Thread (22 messages) 22 messages, 3 authors, 2017-09-22

Re: [PATCH V6 00/18] blk-throttle: add .low limit

From: Shaohua Li <shli@kernel.org>
Date: 2017-09-05 21:02:33
Also in: lkml

On Thu, Aug 31, 2017 at 09:24:23AM +0200, Paolo VALENTE wrote:
quoted
Il giorno 15 gen 2017, alle ore 04:42, Shaohua Li [off-list ref] ha scritto:

Hi,

cgroup still lacks a good iocontroller. CFQ works well for hard disk, but not
much for SSD. This patch set try to add a conservative limit for blk-throttle.
It isn't a proportional scheduling, but can help prioritize cgroups. There are
several advantages we choose blk-throttle:
- blk-throttle resides early in the block stack. It works for both bio and
 request based queues.
- blk-throttle is light weight in general. It still takes queue lock, but it's
 not hard to implement a per-cpu cache and remove the lock contention.
- blk-throttle doesn't use 'idle disk' mechanism, which is used by CFQ/BFQ. The
 mechanism is proved to harm performance for fast SSD.
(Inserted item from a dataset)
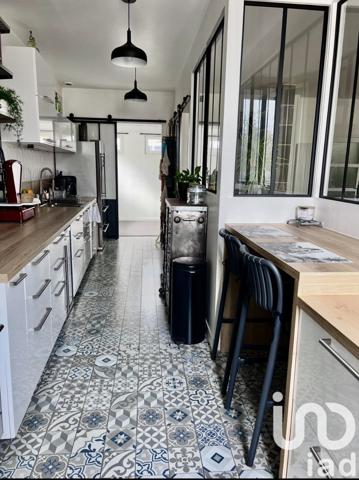 Appartement 4 pièces de 128 m² à Gelos (64110)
The patch set add a new io.low limit for blk-throttle. It's only for cgroup2.
The existing io.max is a hard limit throttling. cgroup with a max limit never
dispatch more IO than its max limit. While io.low is a best effort throttling.
cgroups with 'low' limit can run above their 'low' limit at appropriate time.
Specifically, if all cgroups reach their 'low' limit, all cgroups can run above
their 'low' limit. If any cgroup runs under its 'low' limit, all other cgroups
will run according to their 'low' limit. So the 'low' limit could act as two
roles, it allows cgroups using free bandwidth and it protects cgroups from
their 'low' limit.

An example usage is we have a high prio cgroup with high 'low' limit and a low
prio cgroup with low 'low' limit. If the high prio cgroup isn't running, the low
prio can run above its 'low' limit, so we don't waste the bandwidth. When the
high prio cgroup runs and is below its 'low' limit, low prio cgroup will run
under its 'low' limit. This will protect high prio cgroup to get more
resources.
Hi Shaohua,
Hi,

Sorry for the late response.
I would like to ask you some questions, to make sure I fully
understand how the 'low' limit and the idle-group detection work in
your above scenario.  Suppose that: the drive has a random-I/O peak
rate of 100MB/s, the high prio group has a 'low' limit of 90 MB/s, and
the low prio group has a 'low' limit of 10 MB/s.  If
- the high prio process happens to do, say, only 5 MB/s for a given
  long time
- the low prio process constantly does greedy I/O
- the idle-group detection is not being used
then the low prio process is limited to 10 MB/s during all this time
interval.  And only 10% of the device bandwidth is utilized.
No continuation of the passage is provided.